ULA
- Full name: Unión Local Andina Fútbol Club
- Nickname(s): Universidad de Los Andes ULA
- Founded: 28 February 1977
- Dissolved: 2023
- Ground: Estadio Guillermo Soto Rosa Mérida, Venezuela
- Capacity: 15,000
- 2022: Segunda División, 17th of 20
| Home colours | Away colours |

= Unión Local Andina F.C. =

Venezuelan football club

Unión Local Andina Fútbol Club, usually known as Universidad de Los Andes, or by the acronym ULA, was a Venezuelan football club based in Mérida.

==History==
The club was founded on 28 February 1977, as Universidad de Los Andes Mérida Fútbol Club. In 2017, they changed name to Unión Local Andina Fútbol Club.

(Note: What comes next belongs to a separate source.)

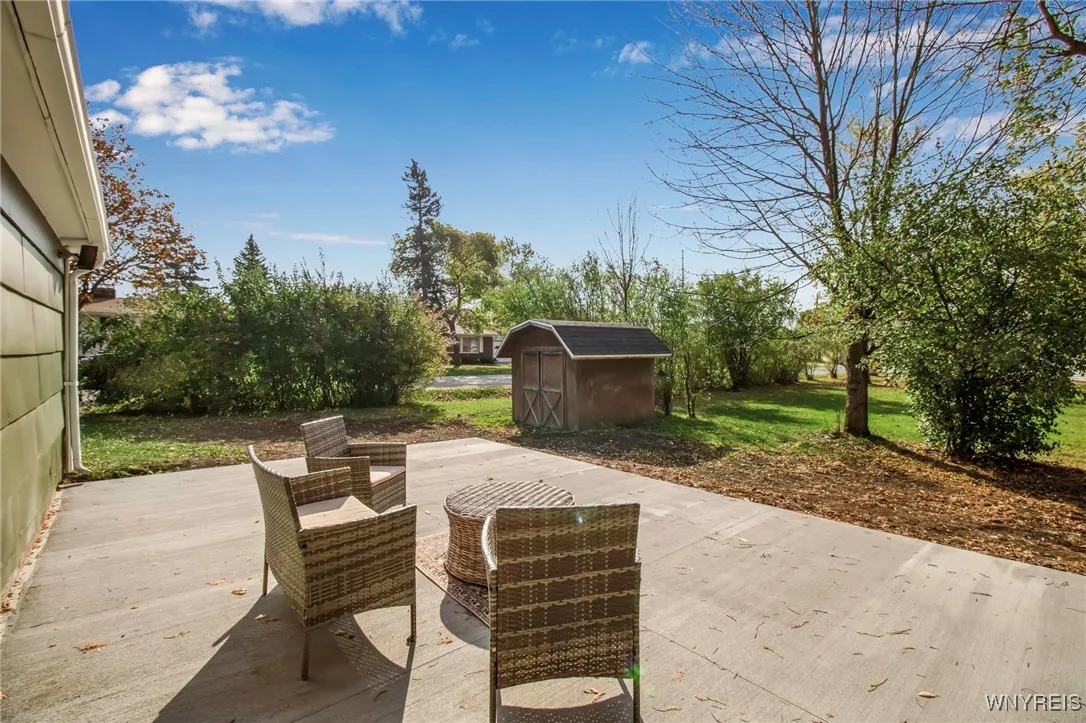 4606 Exeter Terrace, Hamburg, New York 14075, Hamburg, New York 14075, 3 Bedrooms Bedrooms, 7 Rooms Rooms,1 BathroomBathrooms,Residential,Closed,4606 Exeter Terrace, Hamburg, New York 14075,0,B1575180
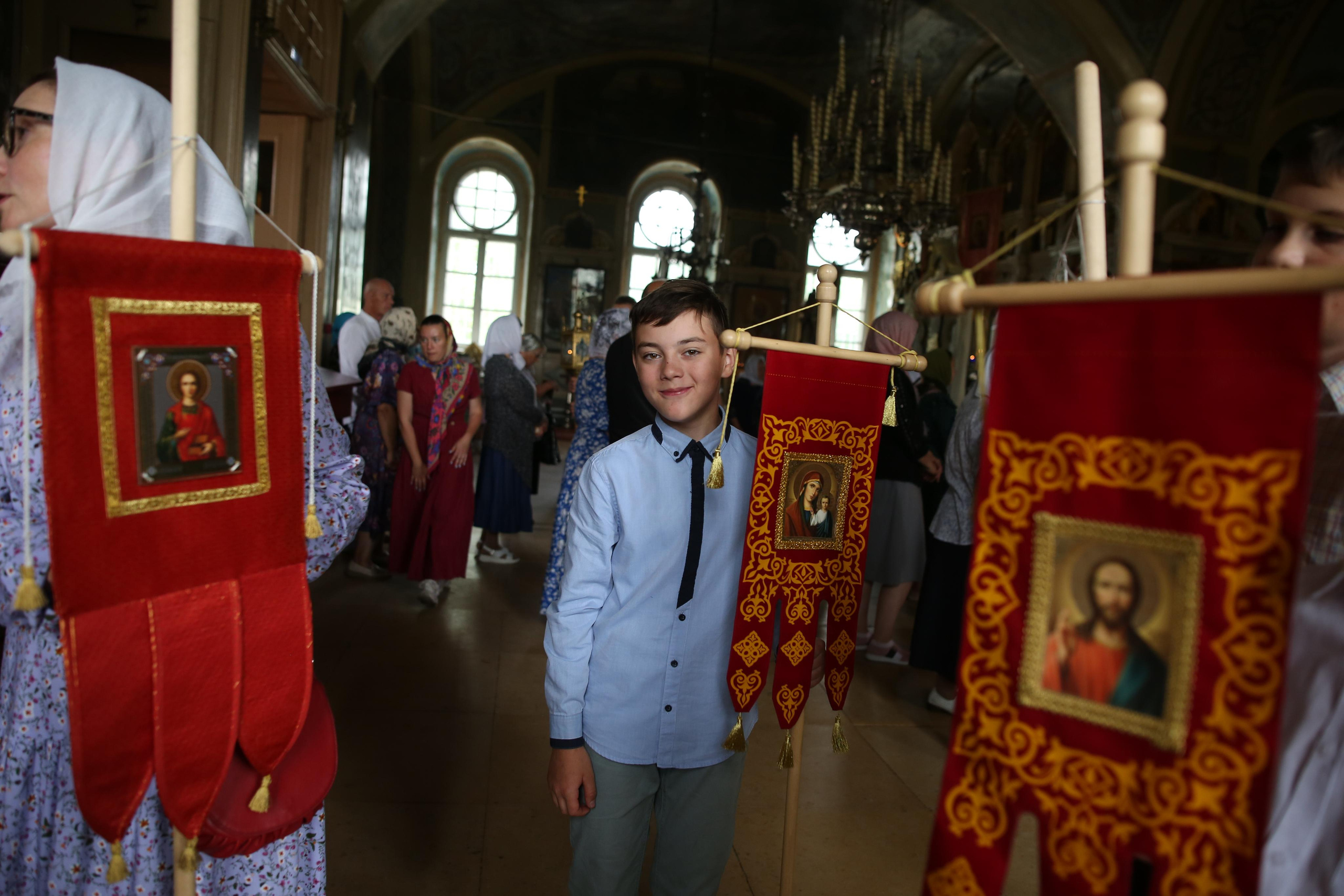 Крестный ход в день памяти Тихвинской иконы Божией Матери. Семейный и детский фотограф Анна Петракова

ULA played their last season in 2022 before selling his place in the Segunda División to Marítimo de La Guaira.

==Honours==
===National===
- Primera División
  - Winners (2): 1983, 1990–91
- Copa Venezuela
  - Winners (1): 1995–96
- Segunda División
  - Winners (2): 1986, 1994–95

==Performance in CONMEBOL competitions==
- Copa Libertadores: 3 appearances
1984: Semi-Finals
1992: First Round
 :

==Copa Libertadores participations==
ULA played in the Copa Libertadores three times: in 1984, in the first stage, the club was in the same group of Portuguesa, of Venezuela, and two Peruvian teams, Sporting Cristal, and Melgar. The club finished in the first position, together with Sporting Cristal. A first place playoff was played, and ULA won 2–1. In the second stage, the club was in the same group of two Brazilian clubs, Flamengo, and Grêmio, and was eliminated after finishing in the last position .

In 1992, the club was, in the first stage, in the same group of S.C. Marítimo, of Venezuela, and Barcelona and Valdez, of Ecuador. ULA and Marítimo finished in the third position, so, a third place playoff was played. Marítimo won 1–0, and Universidad de Los Andes was eliminated .

In 1999, ULA disputed the preliminary stage of the competition, with Estudiantes de Mérida, of Venezuela, and Necaxa and Monterrey, of Mexico. The club was eliminated after finishing in the last position .

==Stadium==
ULA's home stadium was Estadio Guillermo Soto Rosa, which has a maximum capacity of 15,000 people.

==Colors==

The club's colors are blue and white.